The current state of Siān is dire. Farming has come to a complete halt, and, as of 2024, the village's roughly 140 permanent residents are almost entirely retirees. A junkyard of rusted farm machinery now sits at the village's edge—a silent marker of its agricultural past. The once-thriving primary school, active and lively before the Islamic Revolution, now serves just nine students. Although the mosque and ḥoseyniye remain, their role has dwindled to occasional food distribution within the welfare framework of the Islamist regime.
Conclusion
Siān's Shast-Sheshi, unmistakably a continuation of the cult of the deity Khordad, points to the festival's profoundly ancient origins. Why so ancient? The festival's roots must date back to a time when Khordad's protective function over water had not yet been transferred to the deities Tir and Anahita. Consequently, Shast-Sheshi, as the sole surviving vestige of Khordadgan, challenges the notion that Anahita entirely supplanted Khordad. Instead, Shast-Sheshi demonstrates that the cult of Khordad endured, at least in a remote, obscure part of the Iranian Plateau. It shows that Zoroastrianism was not a monolithic religion but rather a tapestry of local cults, each with its own sacred patrons and distinct rituals.

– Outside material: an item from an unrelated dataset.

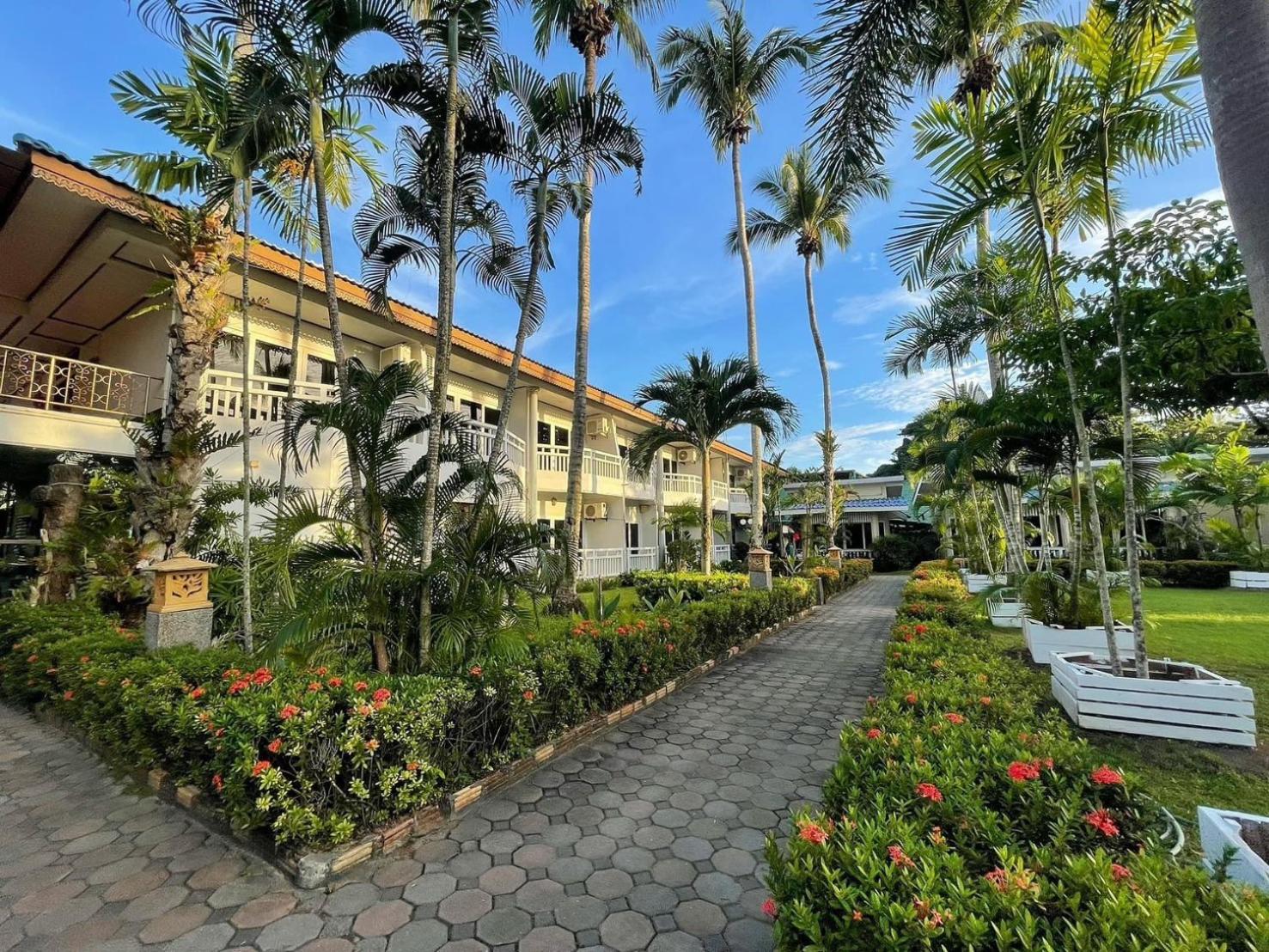 Resort Andaman Lanta - Sha Extra 3*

Chronic droughts and shifting lifestyles have led to the increasing depopulation of villages such as Siān. At the same time, a surge in religious zeal has driven political authorities to enforce a uniform religious ideology across the nation. In this context, it seems that Khordad's mythical adversary, the demon Tarshna (thirst), continues to prevail in symbolic form in this ancient land.
Acknowledgements
This study benefited greatly from the support and insights of both field collaborators and scholars. Mahmud Taqizāde, a native of Siān who has attended the Shast-Sheshi festival every year since childhood, generously shared his memories and gathered information from elder villagers. His invaluable assistance during my multiple field visits to Siān was especially enhanced by the participation of his artist daughter, Masih, who skillfully documented the visits through photography. Mohammad Tāvusi, another passionate young advocate for the history and culture of Jarquyeh, provided indispensable support by collecting additional information. Local expert ‘Ali Shafi‘i Nikābādi, my principal informant on the Median language of Jarquyeh many years ago, also contributed valuable memories and accounts of the Siān festival, supplemented by observations from other compatriots. On the scholarly side, I owe a special debt of gratitude to Lois Beck, who meticulously edited the initial draft of this paper and offered invaluable ethnographic comments. Her feedback prompted further research to address key gaps in the study. I am also deeply grateful to Maryam Borjian for her insights concerning the placement of Khordad in the broader context of Persian mythology and Zoroastrian traditions. Finally, I extend my thanks to botanist Bahram Grami, who provided valuable information on the salt tree (ashk) that grows in the region.